Disqualified after 2 hours of [edit] failed audits?

Hacker · July 3, 2020, 2:15pm

The data is in a subfolder and the node did not shut down with an error, unfortunately.

jammerdan · July 3, 2020, 3:34pm

This will only help if disqualification for downtime is disabled.

Pentium100 · July 3, 2020, 3:57pm

There is a bit of a disconnect between the rules pretty much demanding datacenter-grade reliability (maybe even higher than some datacenters), but both the recommendations and the payments do not match that.

The recommendation is (or at least was) a Rasperry Pi with a single USB hard drive, so I would expect the problem with USB cable or the controller would be rather common, but the node cannot handle it.

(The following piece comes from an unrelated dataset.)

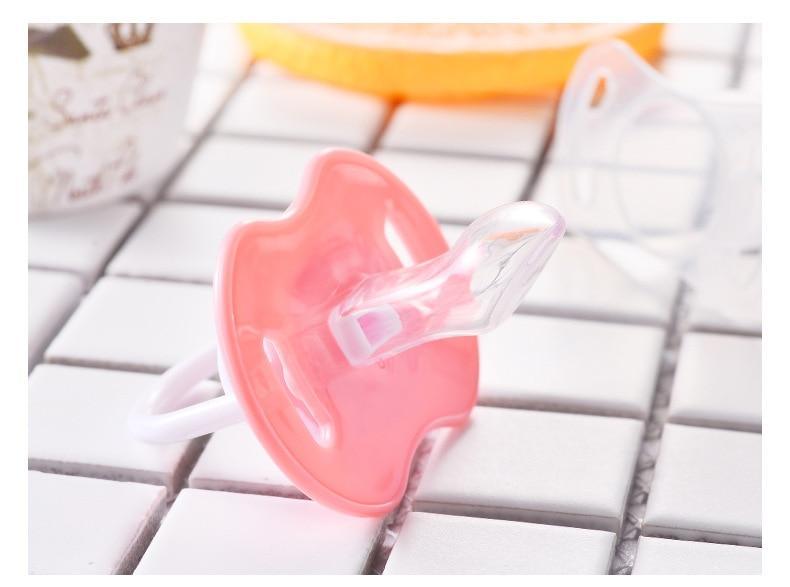 Sucette moderne pour bébé, nouvelle tétine en silicone de qualité alimentaire, tête ronde, pour nourrissons et jeunes enfants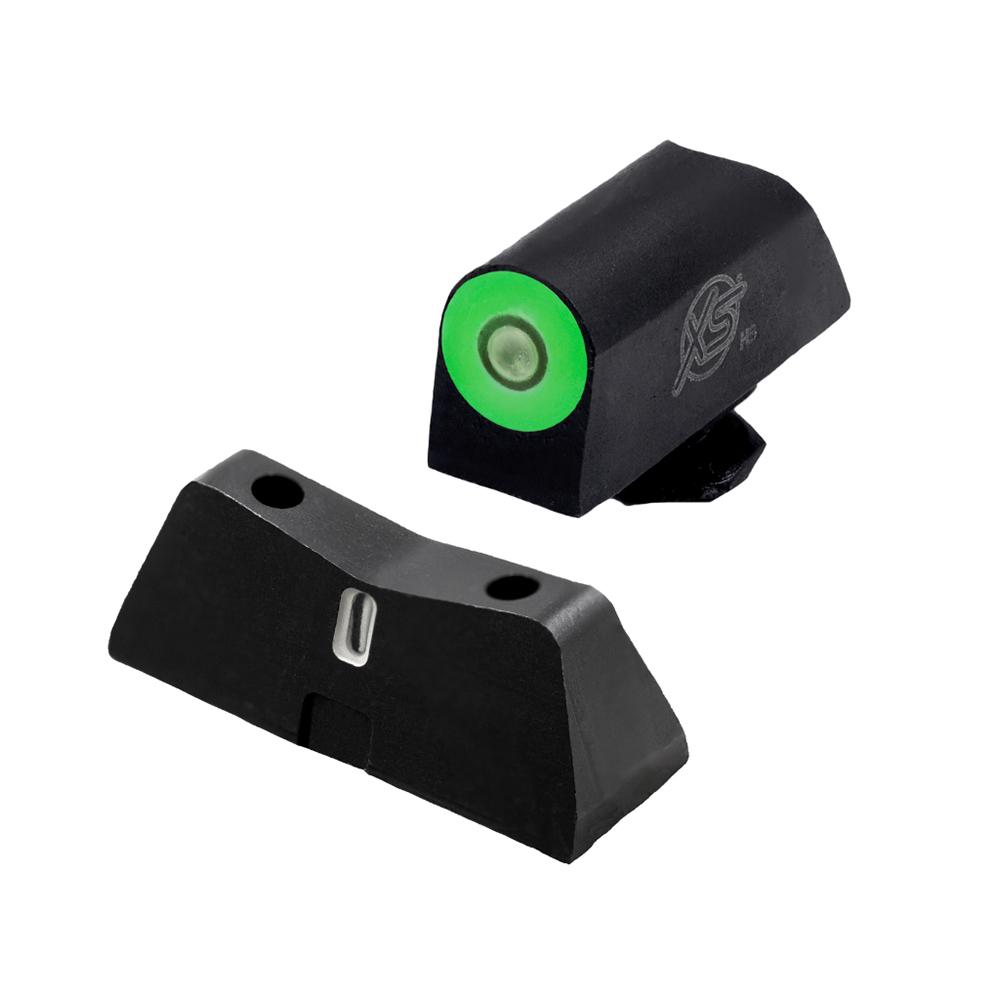 XS Sight DXT2 PRO Series Big Dot Handgun Night Sights for Glock 42 43 43X 48 Green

ACarneiro · July 4, 2020, 9:19am

You are, of course, absolutely right. But that’s why the system was designed with resiliency built into its core.
As @Pentium100 alluded to, it does seem somewhat unreasonable to have all that redundancy built into the design of the network so that it can be run by “amateurs” with cheap, low spec kit and then demand a level of availability that would be challenging even with professional grade equipment, especially when a somewhat trivial problem can quickly be met with the “nuclear” consequence of total, irrevocable disqualification with complete loss of retained earnings.
I’m not saying it’s wrong “per se” and I don’t know what the technical solution would be (although there have been some many interesting proposals) but there does seem to be a bit of an incoherence with the strategy.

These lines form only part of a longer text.